The operation comes less than a month after quality control company AsiaInspection highlighted the need for increased government funding to end the negative “Made in China” food safety stigma.
Waste oil network “destroyed”
“On 21 March, to ensure a clean sweep and destroy the large criminal waste oil networks, the Ministry of Public Security and the concentrated actions of public security organisations in the Zhejiang, Anhui, Shanghai, Jiangsu, Chongqing, Shandong provinces captured all the main suspects,” said the translated Ministry of Public Security statement.
The statement added that under the operation “all aspects of the large criminal inter-provincial waste oil network were destroyed including 13 waste oil refining ‘Black Factory’ black dens.”

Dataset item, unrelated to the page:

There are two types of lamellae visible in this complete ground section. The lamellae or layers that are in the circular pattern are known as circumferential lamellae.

More than 100 criminal suspects were arrested, and more than 3,200 tonnes of the waste oil were seized during the operation, said the ministry.
The investigation followed several reports from members of the public who suspected waste oil was being refined.

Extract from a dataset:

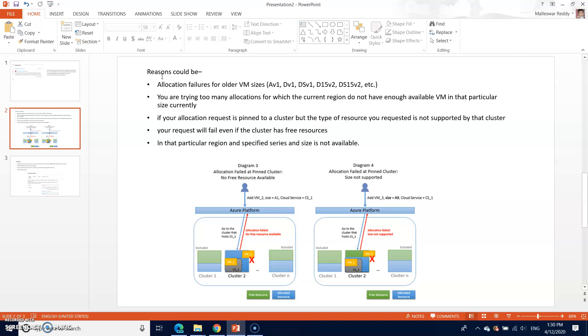You are trying too many allocations for which the current region does not have enough available VMs. For example, if you are selecting 500 VMs or 1000 VMs of the same size and same series, probably that particular region may be out of those VMs.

City, county and provincial security officials in Zhejiang spent nearly five months painstakingly investigating the claims, before the waste oil processors were identified.
The gang, led by an individual called Li Weijian, sold the semi-finished ‘gutter oil’ to refineries in Anhui, Shanghai, Jiangsu and Chongqing. Once refined, the oil was then sold to restaurants.
According to the ministry statement, Li’s gang earned around 10m Yuan between January 2011 and November 2011– the equivalent of more than $1.5m.
The government statement added that “waste oil crimes have been effectively curbed, but at present, China has not yet formed unified waste oil-specific collection, storage, transportation, processing regulations.”
It added that “there will always be some unscrupulous elements and even some profit-driven oil companies that at the expense of people’s health, utterly devoid of conscience, will continue to carry out the criminal production and sale of waste oil.”
Earlier this year, quality control company AsiaInspection highlighted the need for increased food safety funding and legislation if the country is to remove the negative “Made in China” food safety stigma it has been tarnished with.
Food safety scandals are a regular occurrence in China – a country where, according to AsiaInspection, 48% of people do not trust domestically produced food.
“While the rest of the world’s population remains quite sceptical about ‘Made in China’ food, it may be among the Chinese themselves that this scepticism is strongest,” said AsiaInspection CEO Sebastian Breteau.